As a writer, I try to avoid ‘sexist’ language. This is not always successful, because English lacks a gender-neutral singular pronoun. As a grammar fiend, I would shudder to use ‘they’ in the singular. This is what Anne Fadiman discusses in her brilliant essay, ‘The His’er Problem’ in the fantastic book Ex-Libris: Confessions of a Common Reader. Some of you may have noticed me use the verbal mash-up ‘his’er’.
As well, sometimes I get caught up in words and phraseologies that strike me and move me. Since I read a lot of old books, the older, etymological use of man(n) (and thus mankind) to mean ‘any human being’ vs. its contemporary use ‘a male human being’ (formerly wer in Old English) sometimes slips into my writing — specifically my blogging, and at times my speech, but not what little academic writing I do.

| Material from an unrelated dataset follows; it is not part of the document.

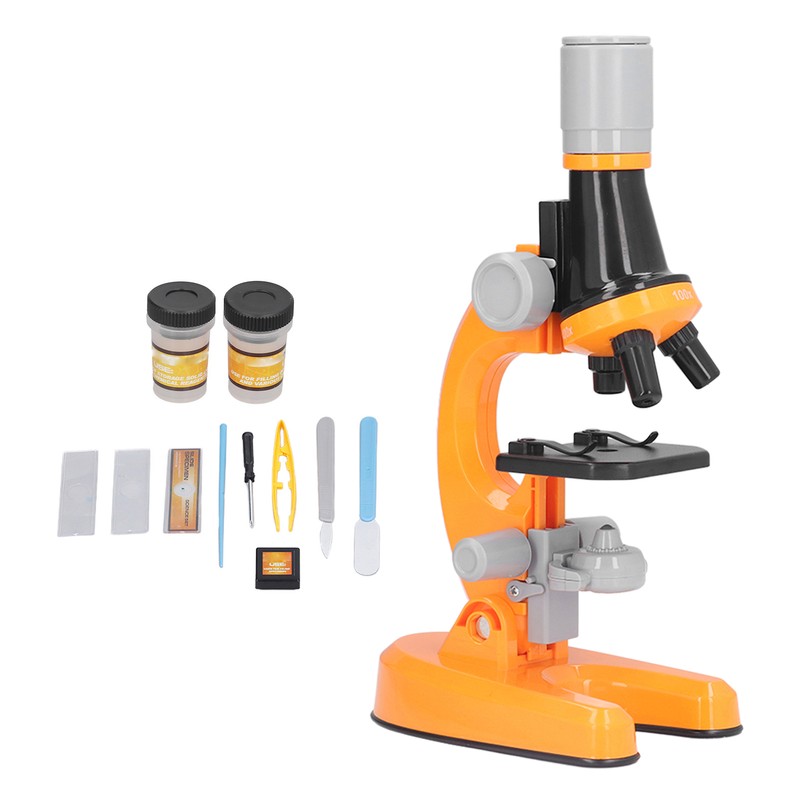 Kids Microscope Kit LED 1200X Microscope with Specimen Slides Science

I am also a bit of a translator and a reader of texts that are often translated. And here I think trying to find gender-inclusive terms for foreign gender-inclusive terms is a worthy endeavour, not only because of the normal issues attendant to gender-inclusive language but also because it can be a more precise way of speaking. Does the writer say ‘men’ or ‘human beings/people’ — uiri or homines? Sometimes there is certainly a chance that an ancient writer was only thinking of male men when writing homo or anthropos, but my job as translator is to present an English rendering of the words at hand, not necessarily their intention. Hopefully the reader can decide for his’erself.
One of my translation problems with the NRSV is not that it translates anthropoi as ‘people’ or adelphoi as ‘brothers and sisters’ but that when Peter is explicitly masculine in Acts with Andres Israelitai, the translators render it as ‘You that are Israelites.’
However, I am not fond of changing the words of hymns for any reason (see here and here). And this is the contingent point of my last post, not the question of gender-inclusive language. A hymn is a poem is a piece of art from its own time and place, often a time and place more sexist than ours, but also often one where the older meanings of ‘man(n)’ are more clear. I am wary of changing things because they do not match zeitgeist — the desire to change for this reason is often followed by other changes, some aesthetic (getting rid of ‘thee’ and ‘thou’), some theological (getting rid of lines such as ‘Thou our Father, Christ our brother’). I also think a jarring encounter with the past can be helpful in curing us of modern chauvinism. Finally, many times the metre and rhyme-scheme depend on a less-inclusive turn of phrase. The attempts to change are often awkward.
I also think we should not condemn older generations for their use of ostensibly sexist language. Oftentimes, they were being sexist. But maybe they weren’t. We cannot always tell. So it is not worth getting worked up over, especially if in most other ways, what a particular author writes is commendable rather than condemnable.
Contemporary writers, even if they don’t fully grasp the significance of the issues, should use gender-inclusive language for generic human beings. This is just good sense. It removes a barrier from the reader’s mind, and helps women and men who are more sensitive than I am to be able to engage more fully with the text in front of them.
My final note on where I stand with gender-inclusivity is that I am still a traditionalist when it comes to the Godhead and specific human beings. Using the word manhood in reference to Our Lord and Saviour Jesus Christ is no problem — he was a man. Thus, in telling a story, say ‘salesman’ or ‘saleswoman’, not ‘salesperson’ (the term used if you are advertising a job vacancy). Using terms endorsed by Scripture of the Trinity is no problem — Father and Son. I am not in favour of removing these terms for vaguer terms that refer to the economy of the Trinity, because that could slide into modalism and ignores the relationships of the Persons involved.
And I am not in favour of using mother-language of the Father, although mothering images as used by Scripture and writers such as John of the Cross (who refers to us suckling at God’s breast) I get. They are probably best used when they can be explained, because if simply slipped into a hymn or the liturgy, they will cause more frustration and anxiety, whereas at least in a book or sermon there is a chance to helpfully challenge our paradigms of how we envision the Divine Person(s).